As described above, in the present invention, when the control unit performs the stepwise operation control, the capacity control output signal is generated after a predetermined time has elapsed after the pressure detection unit detected the pressure. Therefore,
During normal operation, stable control can be performed without frequently repeating the start / stop of the compressor and the increase / decrease of the operating number. On the other hand, when the compressor is restarted, the compressor capacity setting unit determines the compressor suitable for the pressure difference between the pressure detection signal and the converged pressure value, and the capacity control output signal is output once to provide an appropriate capacity. Obtained immediately after restart. Therefore, even when the load is rapidly increased and the compressor is restarted from the stop state, it is possible to quickly reach the predetermined pressure while maintaining the stability of the control during the normal operation. As a result, for example, the temperature of the uncooled object can be kept constant, and the freshness of the object to be cooled can be effectively maintained.

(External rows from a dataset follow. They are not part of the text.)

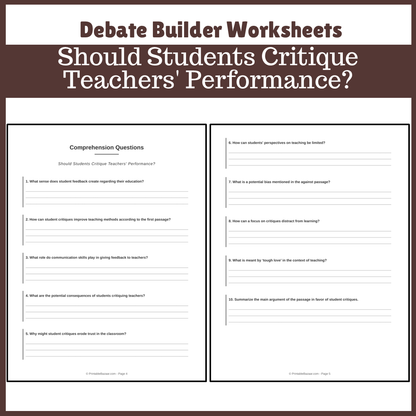 Should Students Critique Teachers' Performance? | Favour and Against Worksheet Printable Activity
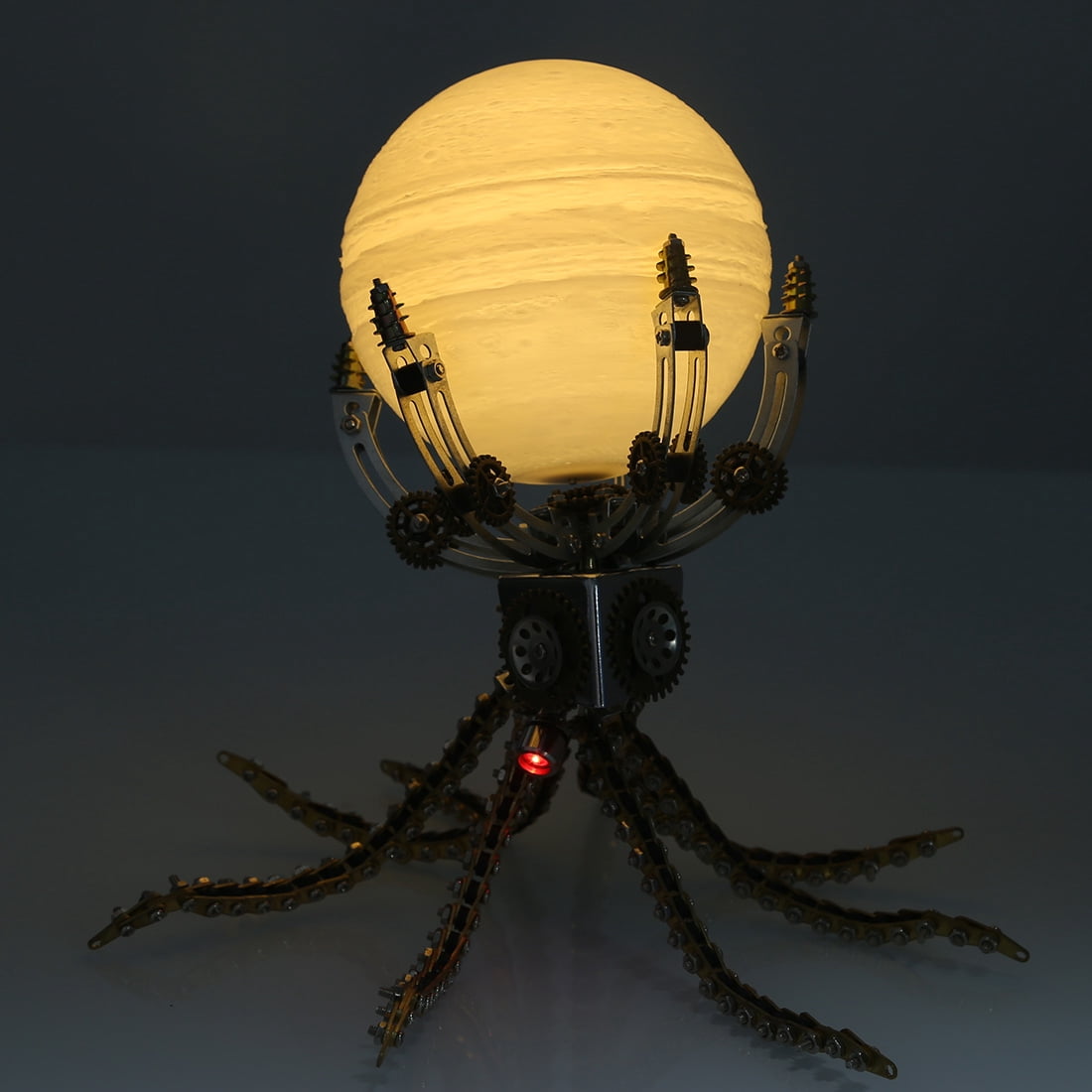 Mechanical Octopus 3D Metal Model Kit with Moon Lamp, Touch 3 Colors, Customizable Steampunk Puzzle & Desk Light, Perfect Room Decor and Gift Choice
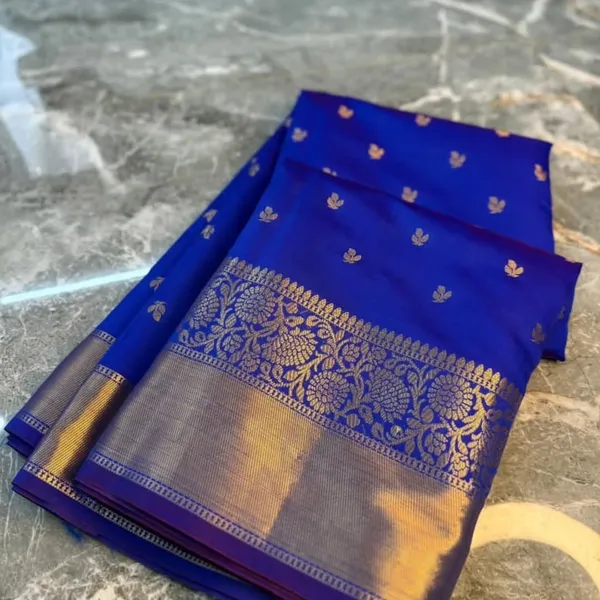 Royal_Blue_Silk_Zari_Buti_Saree_With_Purple_Pallu_For_Women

[Brief description of drawings]

FIG. 1 is a diagram showing a configuration of an embodiment of a refrigeration system of the present invention, FIG. 2 is a diagram showing a configuration of a conventional refrigeration system, and FIG. 3 is a refrigerant pressure on a pressure side in the refrigeration system of FIG. FIG. 4 is a diagram showing a region, and FIG. 4 is an explanatory diagram of capacity control operation of the refrigerating apparatus of FIG. 1a ... condenser, 1b, 1c ... compressor, 2a-2c ...
... Cooler, 3 ... Pressure detector, 4 ... Pressure setting unit, 5 ...
... control unit, 6 ... compressor capacity setting unit. The same reference numerals in the drawings indicate the same or corresponding parts.

Claims (1)

[Claims] 1. A plurality of compressors each having a suction pipe and a discharge pipe connected in parallel, a condenser for condensing refrigerant discharged from the compressor, and a refrigerant discharged from the condenser. A refrigerating section in which a cooler to be vaporized is sequentially connected so as to form a closed circuit, and a pressure detecting section that detects a refrigerant pressure on the low pressure side of the refrigerating section and outputs a pressure detection signal corresponding to the refrigerant pressure, A pressure setting unit that sets the convergent pressure value of the refrigerant pressure on the low pressure side that is to be converged, and determines whether the pressure detection signal is equal to or greater than or equal to the convergent pressure value, and based on the determination result, each compression A capacity control output signal for performing capacity control of the refrigeration unit, which is a means for performing stepwise operation control to increase or decrease the capacity of the refrigeration unit step by step by individually controlling the operation / stop of the refrigeration unit. The pressure detector is After the force is detected, the control unit that outputs after a predetermined time has elapsed, and at the time of restart when the output signal for capacity control is output from the control unit in a state where all of the plurality of compressors are stopped, the stepwise operation is not performed. Means for switching to a stepwise operation, in order to obtain a compressor capacity suitable for the pressure difference between the pressure detection signal and the converged pressure value immediately after restarting, among the plurality of compressors according to the pressure difference. A refrigerating apparatus comprising: a compressor capacity setting unit that determines a compressor to be operated from.